Travelot is arguably wrong. If not, there wouldn’t be over 300 free photos of the Eiffel Tower here: https://commons.wikimedia.org/wiki/Category:Eiffel_Tower_at_night
The copyright owners would long since have formally demanded that wikipedia take them down, and they’d be long gone.
In terms of what tour-effel.fr says, Relaxed is right. Would-be right-holders are generally not to be trusted for information on copyright; they routinely try to claim rights they don’t have, and to intimidate people who want to take pictures without any sound legal basis.
It may be that the legal system is corrupt enough for a nonsense decision in a local court to decide otherwise under financial or nationalist pressure, but would a US or other non-French court agree or enforce such a finding? Very doubtful.

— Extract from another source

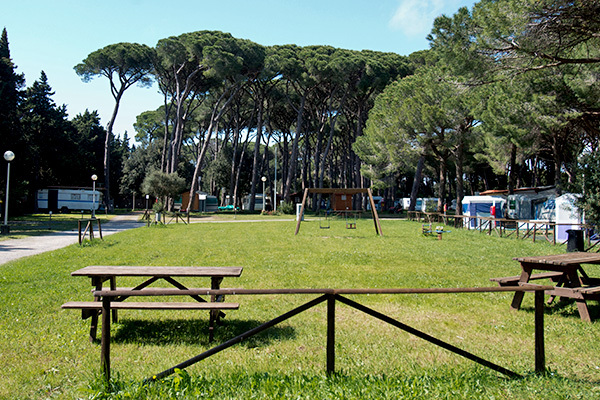 CAMPING BOCCA DI CECINA - Cecina Bungalow per famiglie, con spiaggia inclusa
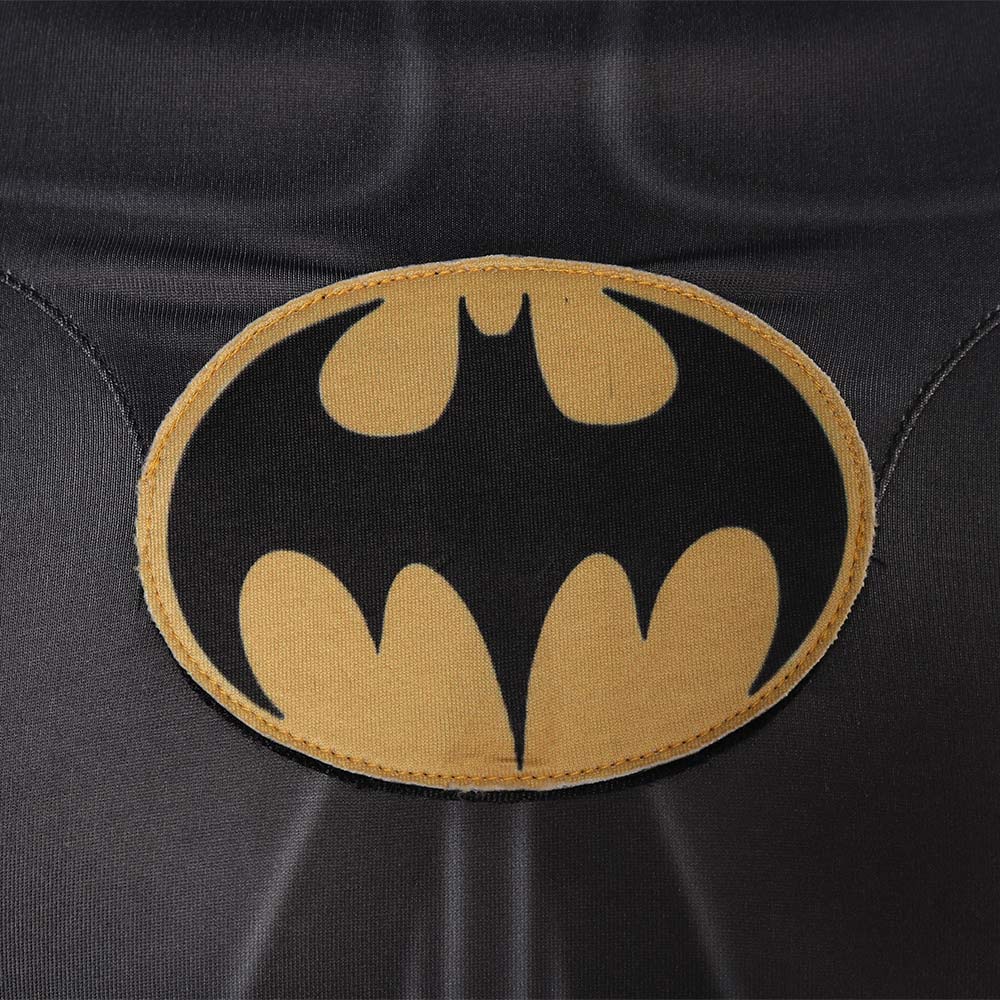 The Flash Batman Bruce Wayne Jumpsuit Cosplay Halloween Karneval Outfits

@travelot clearly laid out the most relevant rules but I would like to clarify something and highlight an important distinction: There is – to my knowledge – no general restriction on taking pictures of the Eiffel tower (the police might ask you to stop taking pictures, e.g. if you are disturbing traffic and the like but that’s something else).
The issues with copyright or personality rights only come up if you want to publish these pictures in France. To the extent that copyright protection really applies, it does not in any case have any impact on your right to take pictures for your own private use. Publication in another country will be regulated by the local laws and international agreements (I don’t really know but I doubt personality rights can generally be enforced abroad, copyright however is covered by international treaties but the details are complex).
Also, would-be right-holders (museums, the SETE, etc.) are generally not to be trusted for information on copyright, they routinely try to claim rights they don’t have (e.g. on pictures of old artifacts stored in a museum) and to intimidate people who want to take pictures without any sound legal basis.
The view of the lighted Eiffel Tower is only copyrighted when it has non-standard lighting. So, when the Eiffel Tower just has yellow lighting, it is not copyrighted but I believe it is under Creative Commons.
This information is coming from a native French friend of mine.
Regarding the eiffel tower:
Image rights / the Eiffel Tower brand
By day, the sun light and the eiffel tower are in public domain, you can take it in picture and publish / try to sell the pictures as you want.
By night, the eiffel tower artistic lighting is under copyright if it’s the main subject of the picture.
I think if it’s for your little blog among your friends / a little audience, it should be ok (writing the “copyright Tour Eiffel – illuminations Pierre Bideau” is a plus).
If you have a big blog or try to make a commercial use, you must ask (and pay) for the right at the Eiffel Tower company (SETE).
Regarding someone in a picture:
If someone makes a picture of me, who owns the right to it? – photo.SE
Personality rights – Wikipedia
If the person is the main subject and you can recognize them, you have to ask them before to publish.
If they are far away and barely recognizable it’s ok.
(There is an exception for public figure during public life.)